This is the caliber of creature - human being is too good a word - with which our State department thinks it’s cool to negotiate

If the operator tells me you’re calling from Pyongyang, for your sake, I’m not gonna accept the charges.

And here’s how the masses that Abbas ostensibly represents feel about the renewed commitment to whatever that he made at Annapolis today.

4 Responses to “This is the caliber of creature - human being is too good a word - with which our State department thinks it’s cool to negotiate”

  1. Mr. Dings Says:

    Them sick yellow bastards. Why’d Ike pull-out back in da day? It was going the way Nam went. Wars never really solve much, just a lot of gore and senseless damage to what
    we lovingly wrought. Perhaps that is why we try to talk. It’s so easy to say we’re gonna kick some butt, and then to kick some, watch ‘em fall.

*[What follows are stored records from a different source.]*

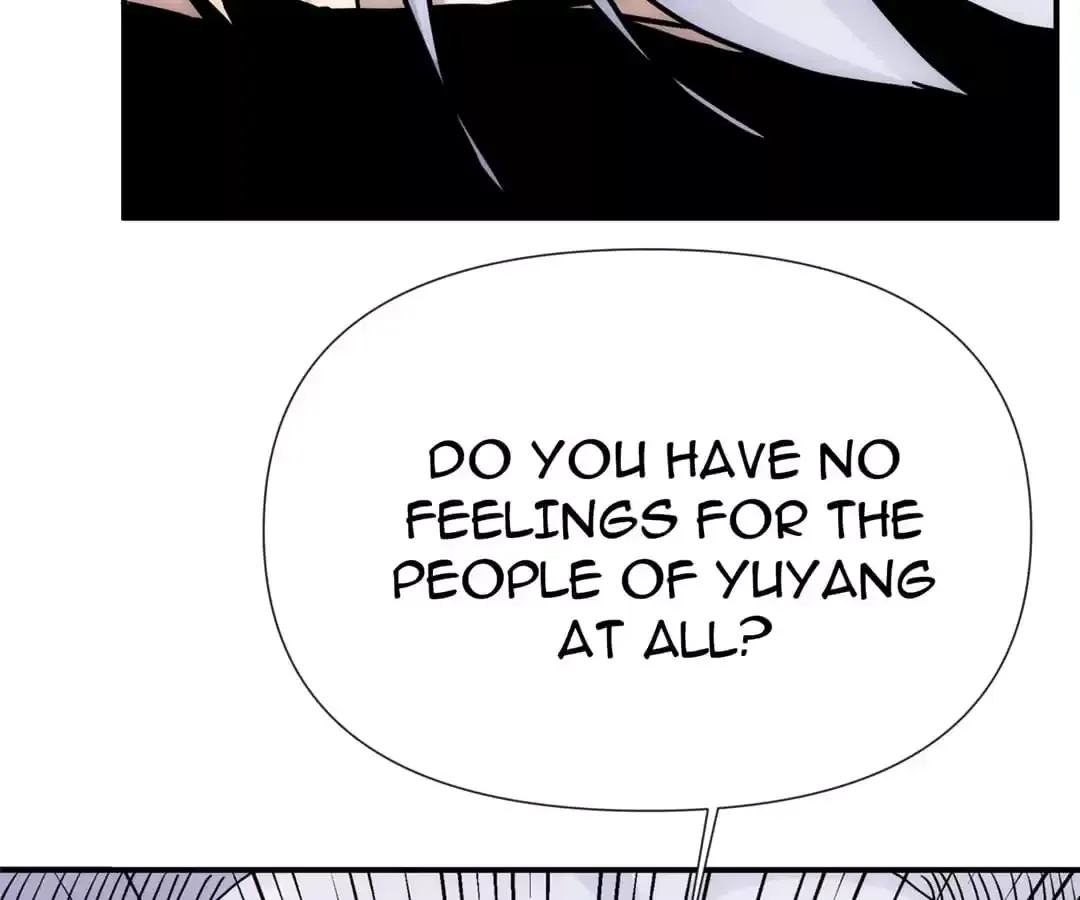 Demon Lord of the Northern Night Chapter 58 page 52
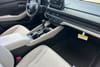 14 thumbnail image of  2026 Honda Accord SE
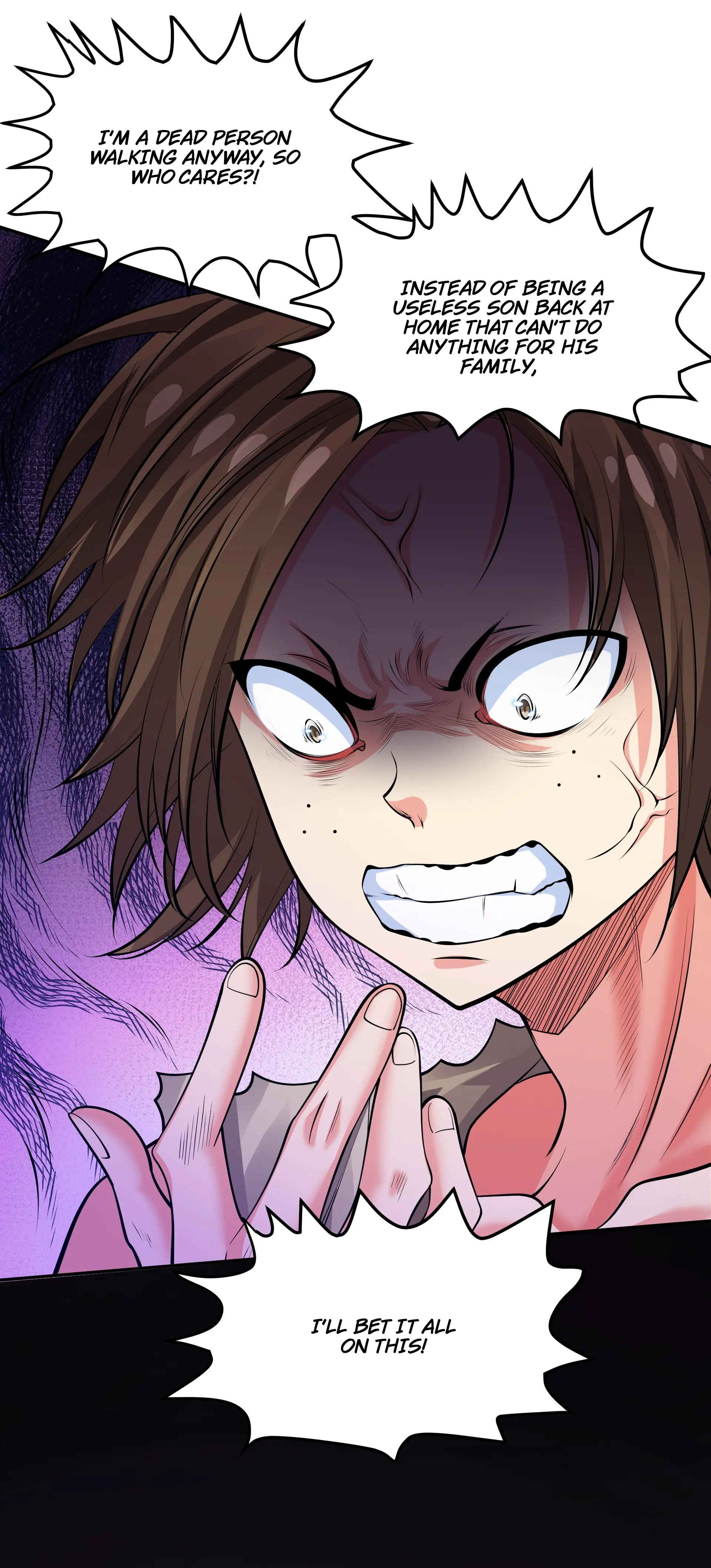 Page 15 of Chapter 124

  2. Bentnotesmanhisself Says:

    I don’t think yellowness is so much the issue. It’s their Stalinism that, shall we say, causes difficulties.

  3. Mr. Dings Says:

    I know, but that is battle lingo light, dontcha know. You still have not answered why Ike pulled out back in the day. Would we not be experiencing these difficulties now? I am not at all condoning the actions of all the citizenry who showed up to essentially see a man thrown to the lions. You call my ilk freedom haters, but we see, we see the same things you do and are outraged. But, it is, in the final analysis, not our country. Are we supposed to kick some heinie over there now, or what, is all I’m asking. And how do we do dat? Why we fly our planes over and drop some of our latest incendiary material, no? Gee, it’s so complex this ass kicking thing.

  4. Bentnotesmanhisself Says:

    Re: the citizenry that showed up to watch: I think they were, shall we say, highly encouraged to turn out.
    Re: Ike pulling out. I think he looked at what prolonging / escalating things would entail and said, “Damn it, this is the best we can shoot for.” Every conflict everywhere since 1945 has had this potential looming as a backdrop and it makes for some fateful decisions that leave certain issues unresolved. That said, where we could have maybe put Korean history on a different course and avoided our current delicate set of circumstances was the late 70s / early 80s, when NK first thumbed its nose at the Non-Proliferation Treaty. We should have said, “Sorry, comrades, it ain’t gonna fly.”
    We don’t have to kick heinie right this second, but I sure wish we were more forcefully conveying that we consider that to be among our options.